Mais, comme dans un rêve prémonitoire, les experts avaient annoncé la catastrophe.
Dans un rapport sur l’activité volcanique dans le champ des volcans Nyiragongo et Nyamulagira daté du 28 mars 2009 et adressé au gouverneur de province du Nord-Kivu, le département de géophysique du Centre de recherche en sciences naturelles (CRSN/Lwiro) avait prévenu que depuis le mois de janvier 2009 à ce jour, les volcans Nyiragongo et Nyamulagira développent une activité volcanique particulière.
Concluant ce rapport au nom de tous les chercheurs et techniciens de recherche de L’Observatoire volcanologique de Goma, Dieudonné Wafula Mifundu, responsable scientifique de l’OVG et Célestin Kasereka Mahinda, chef du département de géophysique au CRSN observaient que compte tenu de l’activité séismique d’origine volcanique persistante dans le champ du volcan Nyamulagira, une éruption de ce volcan était imminente.
Les chercheurs ont insisté que dans le passé, une éruption de l’un de deux volcans pouvait entraîner celle de l’autre et que le volcan Nyiragongo était récemment dans une phase d’activité volcanique très intense.
Les chercheurs remarquent toutefois que compte tenu du niveau du lac de lave encore très bas dans le cratère du Nyiragongo, l’imminence d’une éruption de ce volcan n’est pas encore évidente.

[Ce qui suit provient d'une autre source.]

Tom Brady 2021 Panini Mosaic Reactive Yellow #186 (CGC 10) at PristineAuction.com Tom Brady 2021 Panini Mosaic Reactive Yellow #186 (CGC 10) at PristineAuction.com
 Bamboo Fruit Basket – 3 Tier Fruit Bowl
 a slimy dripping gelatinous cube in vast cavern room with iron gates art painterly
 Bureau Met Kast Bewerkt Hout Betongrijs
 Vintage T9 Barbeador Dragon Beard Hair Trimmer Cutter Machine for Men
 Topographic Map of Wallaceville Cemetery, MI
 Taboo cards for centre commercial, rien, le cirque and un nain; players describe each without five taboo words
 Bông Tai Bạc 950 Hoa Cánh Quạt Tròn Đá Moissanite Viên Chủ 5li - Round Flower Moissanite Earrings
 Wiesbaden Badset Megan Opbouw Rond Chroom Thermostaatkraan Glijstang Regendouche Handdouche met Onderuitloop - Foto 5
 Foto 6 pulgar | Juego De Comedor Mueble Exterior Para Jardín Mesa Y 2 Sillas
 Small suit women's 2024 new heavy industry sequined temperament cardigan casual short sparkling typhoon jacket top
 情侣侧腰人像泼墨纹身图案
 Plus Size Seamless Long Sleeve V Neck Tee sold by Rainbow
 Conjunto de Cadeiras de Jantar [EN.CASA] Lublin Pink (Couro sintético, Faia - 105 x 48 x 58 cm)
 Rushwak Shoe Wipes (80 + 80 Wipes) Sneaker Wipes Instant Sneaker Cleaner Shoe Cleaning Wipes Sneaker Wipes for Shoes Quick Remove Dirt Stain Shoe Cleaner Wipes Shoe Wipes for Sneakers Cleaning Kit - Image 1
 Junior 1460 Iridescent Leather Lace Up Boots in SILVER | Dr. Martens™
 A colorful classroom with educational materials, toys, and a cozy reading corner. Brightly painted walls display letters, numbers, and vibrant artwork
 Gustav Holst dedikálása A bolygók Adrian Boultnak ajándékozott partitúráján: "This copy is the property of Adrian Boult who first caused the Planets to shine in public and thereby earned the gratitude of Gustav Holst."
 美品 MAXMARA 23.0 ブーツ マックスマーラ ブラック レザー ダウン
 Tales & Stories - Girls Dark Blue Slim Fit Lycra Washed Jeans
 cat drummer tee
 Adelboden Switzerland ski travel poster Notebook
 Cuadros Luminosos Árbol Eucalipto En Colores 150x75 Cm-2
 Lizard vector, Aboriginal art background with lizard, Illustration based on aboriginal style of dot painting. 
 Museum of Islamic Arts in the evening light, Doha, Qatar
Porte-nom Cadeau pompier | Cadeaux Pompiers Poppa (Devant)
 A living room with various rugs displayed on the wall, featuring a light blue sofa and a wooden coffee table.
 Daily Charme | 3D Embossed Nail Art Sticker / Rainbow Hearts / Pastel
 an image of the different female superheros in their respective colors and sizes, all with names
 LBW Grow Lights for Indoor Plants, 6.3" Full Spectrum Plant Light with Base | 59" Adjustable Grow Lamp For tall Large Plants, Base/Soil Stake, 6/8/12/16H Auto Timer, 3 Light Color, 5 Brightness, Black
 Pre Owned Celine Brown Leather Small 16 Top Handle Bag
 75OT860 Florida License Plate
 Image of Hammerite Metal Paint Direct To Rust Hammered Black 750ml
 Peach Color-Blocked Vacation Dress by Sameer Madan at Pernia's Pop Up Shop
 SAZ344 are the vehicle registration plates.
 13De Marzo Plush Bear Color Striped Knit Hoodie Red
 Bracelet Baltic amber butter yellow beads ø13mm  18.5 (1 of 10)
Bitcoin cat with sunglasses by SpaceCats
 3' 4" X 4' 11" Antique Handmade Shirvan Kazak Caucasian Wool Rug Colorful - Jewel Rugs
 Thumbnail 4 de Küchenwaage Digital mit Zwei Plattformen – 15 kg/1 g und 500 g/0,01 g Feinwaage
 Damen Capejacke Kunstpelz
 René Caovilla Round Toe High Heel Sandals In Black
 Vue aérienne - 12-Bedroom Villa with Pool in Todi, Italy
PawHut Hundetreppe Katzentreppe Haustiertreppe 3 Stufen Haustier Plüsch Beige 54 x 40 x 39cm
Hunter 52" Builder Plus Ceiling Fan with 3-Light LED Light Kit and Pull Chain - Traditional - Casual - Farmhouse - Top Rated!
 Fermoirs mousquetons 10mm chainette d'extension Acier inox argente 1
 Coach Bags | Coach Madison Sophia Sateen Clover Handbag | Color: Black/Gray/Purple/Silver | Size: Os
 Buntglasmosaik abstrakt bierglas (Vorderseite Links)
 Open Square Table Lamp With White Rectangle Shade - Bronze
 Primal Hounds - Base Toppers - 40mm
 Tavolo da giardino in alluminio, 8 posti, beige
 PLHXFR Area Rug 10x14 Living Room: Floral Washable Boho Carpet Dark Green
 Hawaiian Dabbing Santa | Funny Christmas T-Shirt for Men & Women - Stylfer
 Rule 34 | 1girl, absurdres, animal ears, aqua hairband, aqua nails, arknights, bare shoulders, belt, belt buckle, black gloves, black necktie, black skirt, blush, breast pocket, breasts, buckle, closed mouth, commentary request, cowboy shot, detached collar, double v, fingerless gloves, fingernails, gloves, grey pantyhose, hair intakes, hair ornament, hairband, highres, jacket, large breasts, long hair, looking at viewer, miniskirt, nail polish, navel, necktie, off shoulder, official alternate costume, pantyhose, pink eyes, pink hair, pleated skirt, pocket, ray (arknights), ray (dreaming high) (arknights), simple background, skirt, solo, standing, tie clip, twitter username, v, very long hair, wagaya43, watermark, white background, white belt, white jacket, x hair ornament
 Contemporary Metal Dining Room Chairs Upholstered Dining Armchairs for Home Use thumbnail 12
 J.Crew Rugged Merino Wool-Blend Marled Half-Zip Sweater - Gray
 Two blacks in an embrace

Néanmoins, ce niveau peut monter en un temps record comme c’était le cas en 1982 où il avait connu une ascension de 400 mètres en trois mois. Pendant ces trois mois, le Nyiragongo avait accumulé 70 millions de mètres cubes de lave dans son cratère, ajoutent les mêmes chercheurs.
Pour les 100 ans d’existence de Bukavu en 2010, la maire de la ville, Zita Kavungirwa, a soulevé encore, le 3 janvier devant des journalistes, la question des constructions anarchiques sur des sites interdits, qui pullulent dans la ville.